Below is a listing; copy all of it exactly.
(Beginning of Source material)
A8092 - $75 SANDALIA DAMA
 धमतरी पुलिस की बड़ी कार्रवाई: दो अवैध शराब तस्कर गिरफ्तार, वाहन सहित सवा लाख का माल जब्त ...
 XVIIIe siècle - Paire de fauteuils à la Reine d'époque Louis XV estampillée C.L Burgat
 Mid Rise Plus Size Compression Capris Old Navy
(End of Source material)
● **Expected output**:
A8092 - $75 SANDALIA DAMA
 धमतरी पुलिस की बड़ी कार्रवाई: दो अवैध शराब तस्कर गिरफ्तार, वाहन सहित सवा लाख का माल जब्त ...
 XVIIIe siècle - Paire de fauteuils à la Reine d'époque Louis XV estampillée C.L Burgat
 Mid Rise Plus Size Compression Capris Old Navy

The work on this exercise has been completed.